Diet always comes first and foremost in the Ayurvedic approach, which views 80% of all disease as being rooted in our digestion. Now more than ever it is important to support a healthy gut microbiome with warm, pleasing, freshly prepared meals:
- Include plenty of fruits, nuts, cooked vegetables, whole grains and plant-based proteins
- Cook with digestive spices such as cumin, coriander, fennel, ginger, black pepper, turmeric and mustard
- Sip warm water throughout the day
- Avoid stress eating
- Reduce alcohol, caffeine, junk food and sugar, all of which compromise your immune system
- Wait until you are hungry to eat, and enjoy your meals in a settled environment to optimize digestion
Sleep & Rest
This one should be a no brainer! Getting enough rest boosts your immunity, regulates hormones, and allows your physiology to reboot and detox:
- Make sure screen time ends at least one hour before bed, turn the lights down in the evening and engage in calming activities in the evening
- Try to get to bed by 9:30 p.m., lights out by 10 p.m.
- Wake up with the sun
- Practice Yoga Nidra and Restorative Yoga in place of naps if you feel depleted
Ayurveda recommends yoga and walking in daily routines for every body, and Hippocrates, the father of modern medicine, gave exercise as much weight as nutrition when it comes to good health:
- Moves lymph which is crucial for a healthy immune system and eliminating toxins, supports respiratory and cardiovascular health, and releases endorphins, the “happy hormones” that help support mental health during challenging times
- Walk outdoors in the morning light, go biking, do yoga and enjoy at home workouts
- Skip exercise if you feel unwell, and allow your body to rest rather than further deplete it
The Stress Response of your Sympathetic Nervous System elevates cortisol and adrenaline levels in the body, which over time can fatigue your immune system.
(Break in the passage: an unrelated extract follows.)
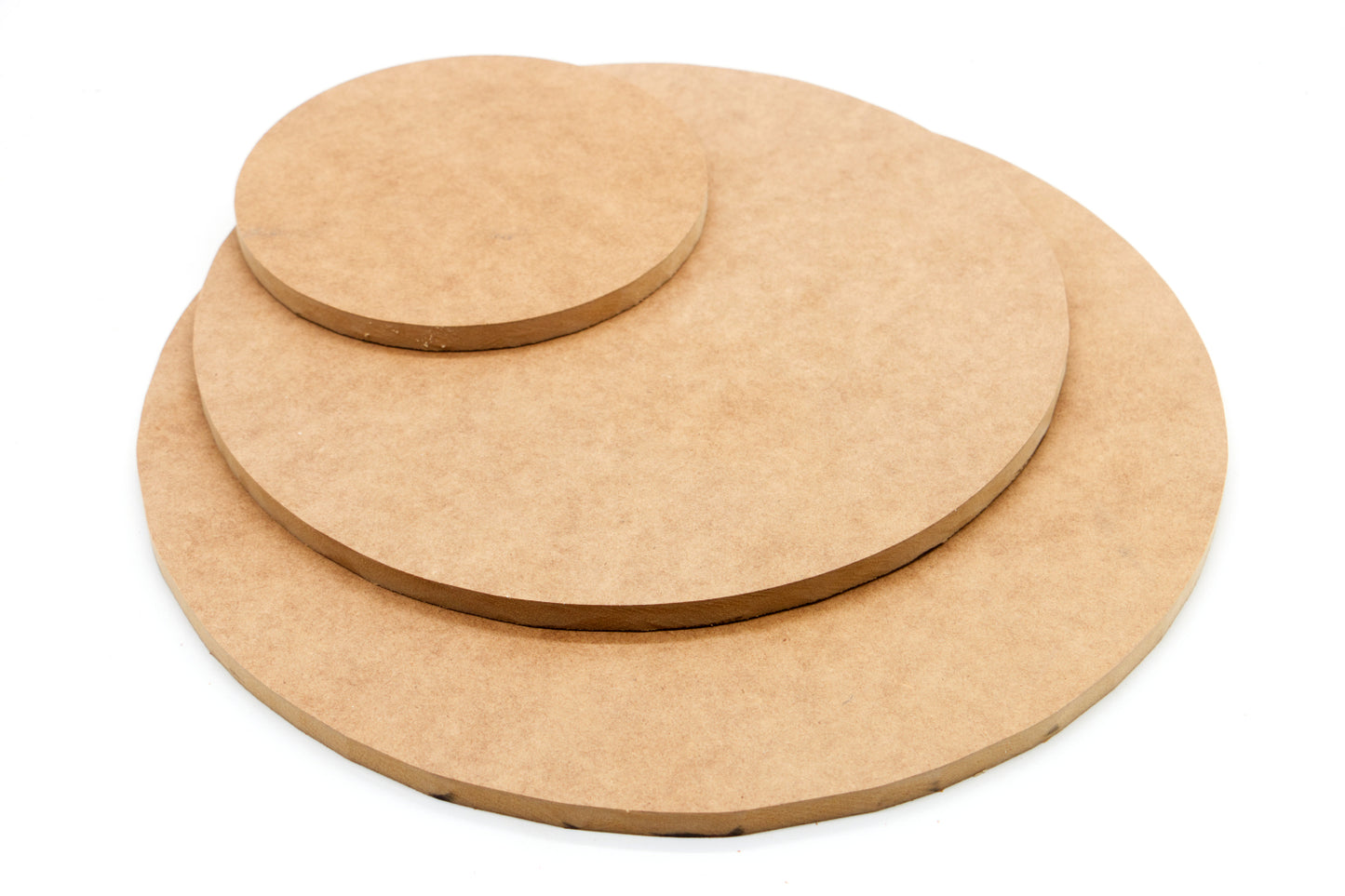 MDF Round Panels 1/2" Thick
The Relaxation Response of your Parasympathetic Nervous System restores physiological equilibrium and relaxation. These behavioral observances from Ayurveda can help support you against stress:
- Stay free of anger and worry
- Speak the sweet truth
- Keep the company of the wise
- Limit exposure to the news
- Take frequent breaks from screen time
- Spend quality time with people you love
- Practice meditation and deep breathing daily
Remember: a balanced immune system responds in a balanced way. We attain balanced immunity by taking a balanced approach to body, mind and consciousness. Balanced living promotes immunity, the ultimate defense.